→ **PROMPT**
Reproduce only the lines below from the line containing "Aqualisa Unity Q" to the line containing "HOW DOES BTK", exactly as written, with both end lines kept. Omit the pictures.

[DATA PROVIDED — start]

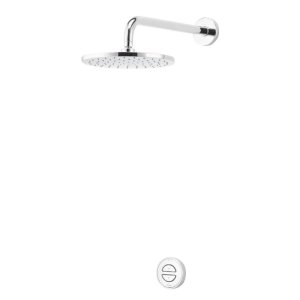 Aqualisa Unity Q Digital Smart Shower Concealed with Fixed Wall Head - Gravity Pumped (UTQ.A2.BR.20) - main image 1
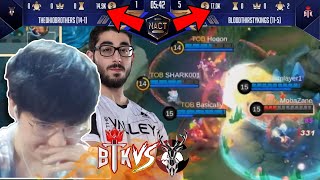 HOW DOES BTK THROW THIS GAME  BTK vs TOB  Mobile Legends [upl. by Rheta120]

[DATA PROVIDED — finish]
[DATA PROVIDED — start]

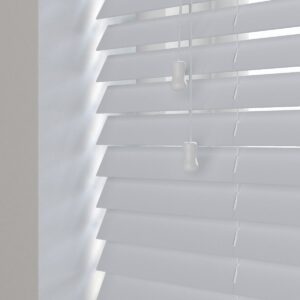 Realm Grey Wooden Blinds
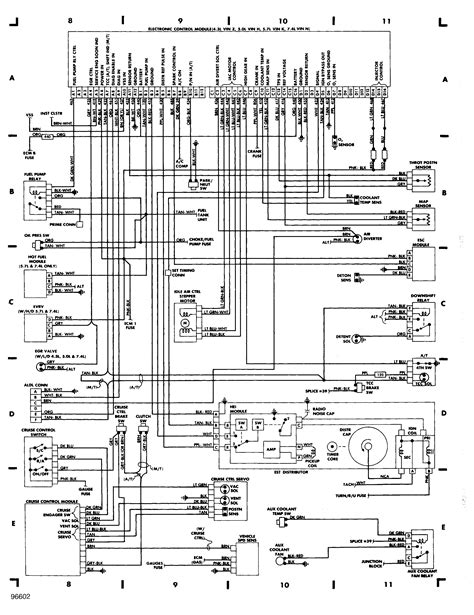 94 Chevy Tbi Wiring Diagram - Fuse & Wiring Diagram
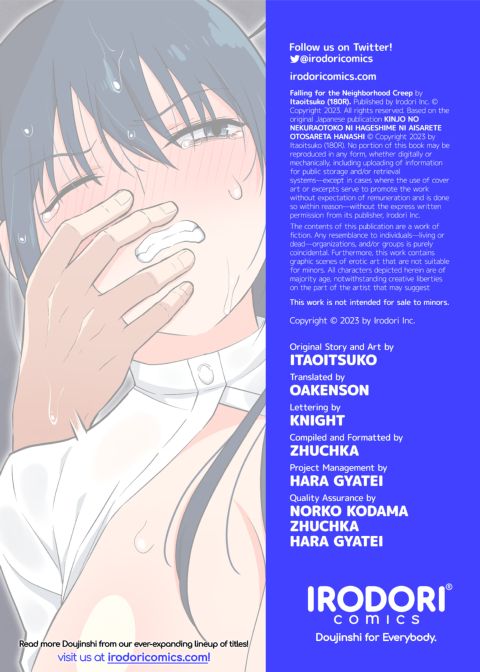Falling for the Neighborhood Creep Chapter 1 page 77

[DATA PROVIDED — finish]

→ **TASK RESULT**
 Aqualisa Unity Q Digital Smart Shower Concealed with Fixed Wall Head - Gravity Pumped (UTQ.A2.BR.20) - main image 1
 HOW DOES BTK THROW THIS GAME  BTK vs TOB  Mobile Legends [upl. by Rheta120]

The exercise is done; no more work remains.